Below are lines of data; restate word for word those running from the line containing "Miniatura 4 de" to the line containing "mini pancake catering", inclusive, and no others.

*** Records provided Section Begins ***

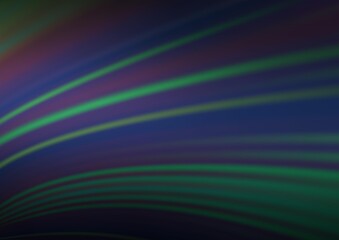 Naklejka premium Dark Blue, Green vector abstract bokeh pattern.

*** Records provided Section Ends ***
*** Records provided Section Begins ***

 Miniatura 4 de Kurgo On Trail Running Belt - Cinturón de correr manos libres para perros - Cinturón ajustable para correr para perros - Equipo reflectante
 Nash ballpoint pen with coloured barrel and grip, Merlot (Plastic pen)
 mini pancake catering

*** Records provided Section Ends ***

Task answer
 Miniatura 4 de Kurgo On Trail Running Belt - Cinturón de correr manos libres para perros - Cinturón ajustable para correr para perros - Equipo reflectante
 Nash ballpoint pen with coloured barrel and grip, Merlot (Plastic pen)
 mini pancake catering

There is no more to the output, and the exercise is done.